Valentina Lupi
Non Voglio Restare Cappuccetto Rosso 2006 - Cantautoriale, Rock

Non Voglio Restare Cappuccetto Rosso
11/04/2006 Scritto da Pseudo

Non ditemi che Valentina Lupi non è brava.

Ha una voce che è un bisturi, dai. Non è straordinaria (nel senso di fuori dal comune) ma ha un'escursione sonora piuttosto ampia, tono lievemente nasale ed affilato, intonazione tagliente e bastarda. Lo sa, ci gioca, la soppesa come una diavolessa (“Non Voglio restare Cappuccetto Rosso”, “Casa di Bambola”). In pratica è la voce che ogni rock-band – certo, certo: rock-band melodica, easy insomma - vorrebbe avere a disposizione. Quindi, prima c’è la voce della Lupi.

Poi c’è “Non Voglio restare Cappuccetto Rosso”, disco d’esordio sul quale c’era parecchio fermento nella scena romana. Che è un esordio di grande livello, se non col botto. E’ un esordio di quelli totalizzanti – e anche un po’ spiazzanti -, nel senso che c’è già tutta l’artista, dentro.
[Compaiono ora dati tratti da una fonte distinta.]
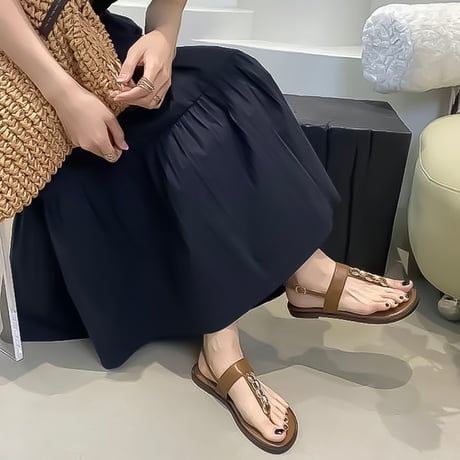 chain thong strap sandals /3color　NK2261
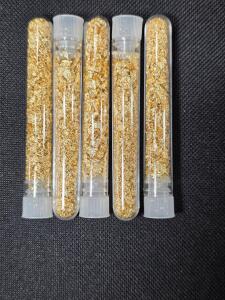 (5) 3" Long Bottles of Gold Flake/Leaf Gold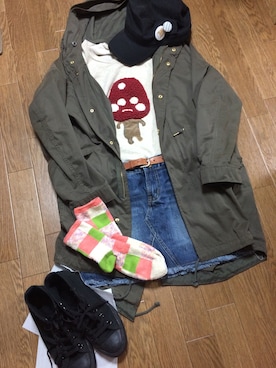 「LEPSIM（レプシィム）のアイテム（モッズコート）」を使った、りん。さん（レディース・155cm）の春コーディネート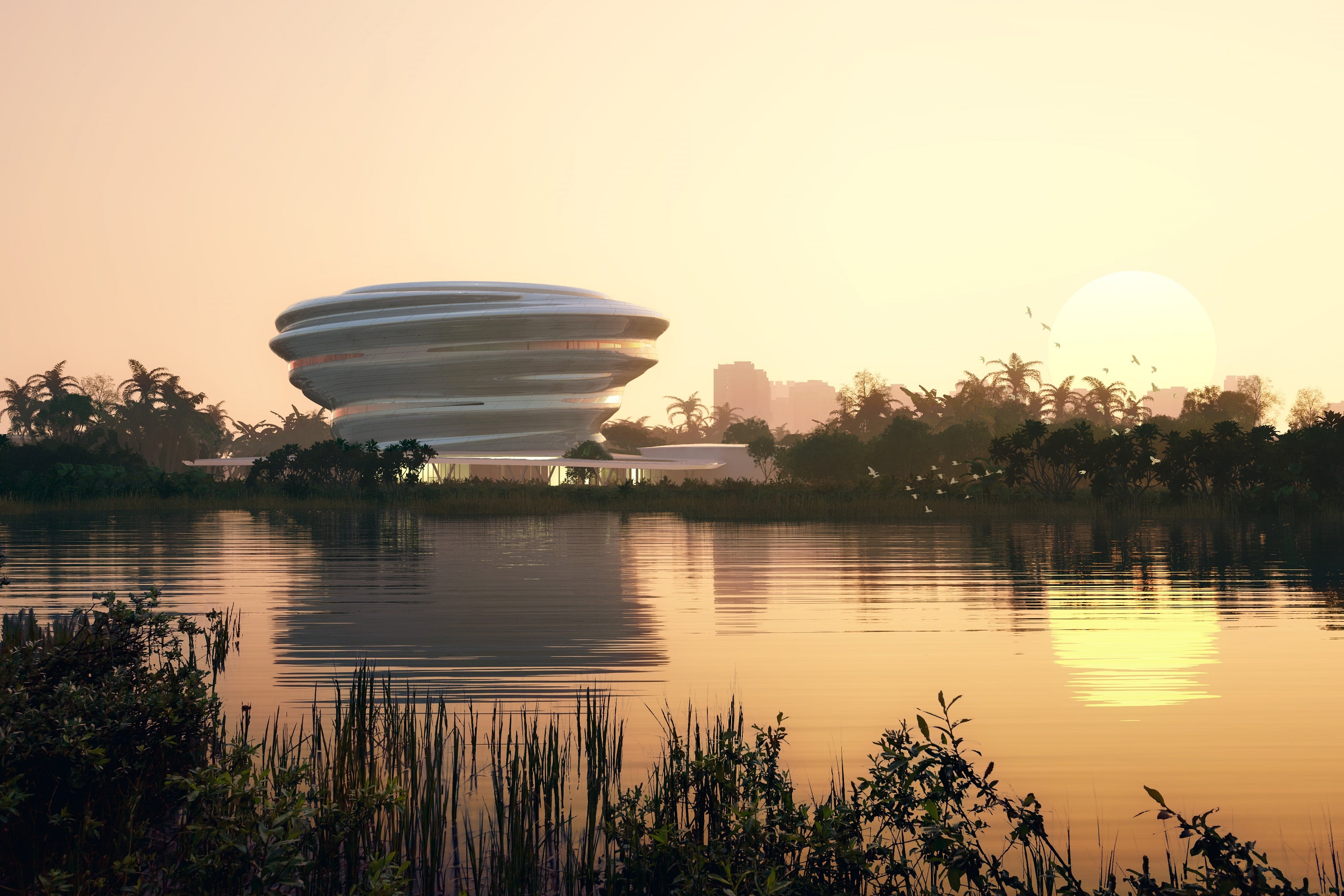 A 3D visualisation of the Hainan Science and Technology Museum by MAD Architects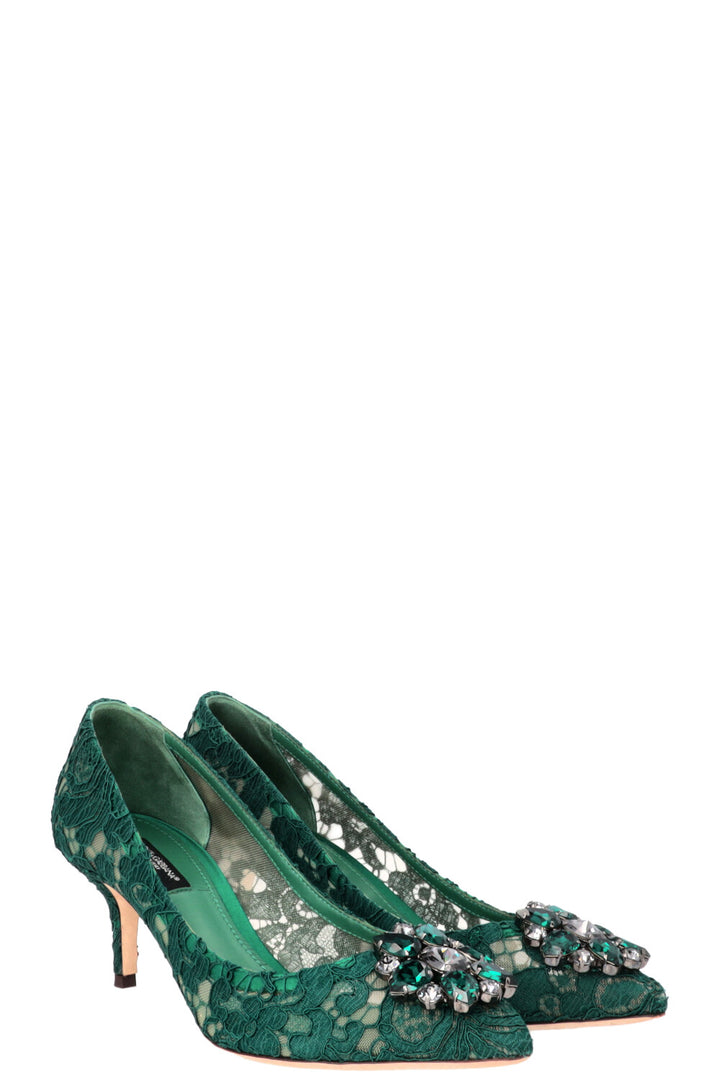 DOLCE&GABBANA Escarpins Bellucci 70 Dentelle Vert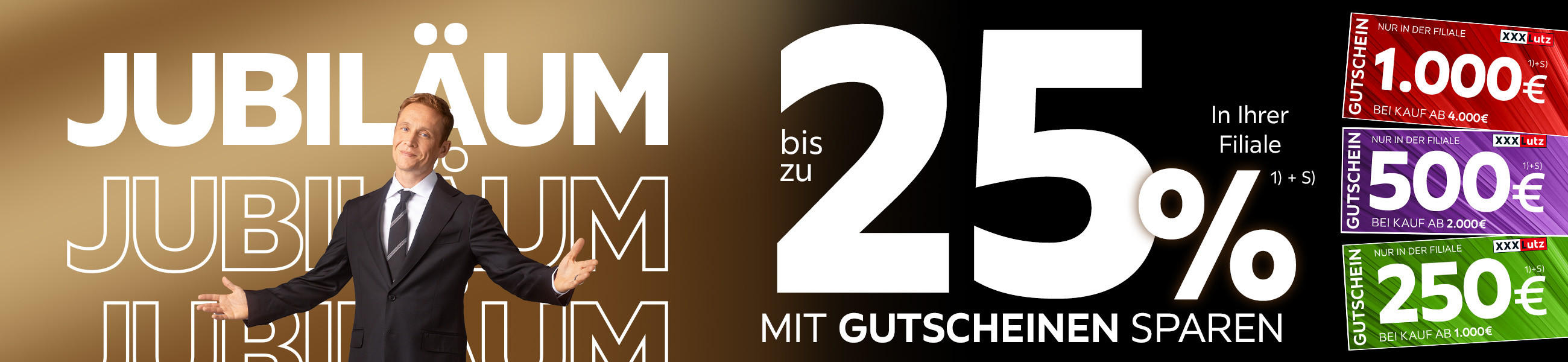 Jubiläum -Bis zu 25% mit Gutscheinen sparen in Ihrer Filiale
Paradossalmente: ha poco da crescere, Valentina Lupi. Può solo trovare pezzi più o meno felici, esteticamente. Ma è già lei. Senza tentennamenti. Solo 21 Anni”, “E’ Questo Il vero”, “Fiore Del Male” sono pezzi di grandissimo impatto, trascinanti, forti. Pur nella loro apparente semplicità strutturale – il disco è un continuo ma azzeccato gioco di variatio sulla forma rock-ballad - sono arrangiati e curati fin nel minimo dettaglio. Non c’è nulla da dire. Deve convincerti o no. Puoi deglutirlo con molta (nel caso del sottoscritto) o poca facilità – e anzi, se gli riservi qualche ascolto in più ti entra ben sotto l’epidermide. Ma c’è, per pseudo-filosofeggiare, la Sostanza.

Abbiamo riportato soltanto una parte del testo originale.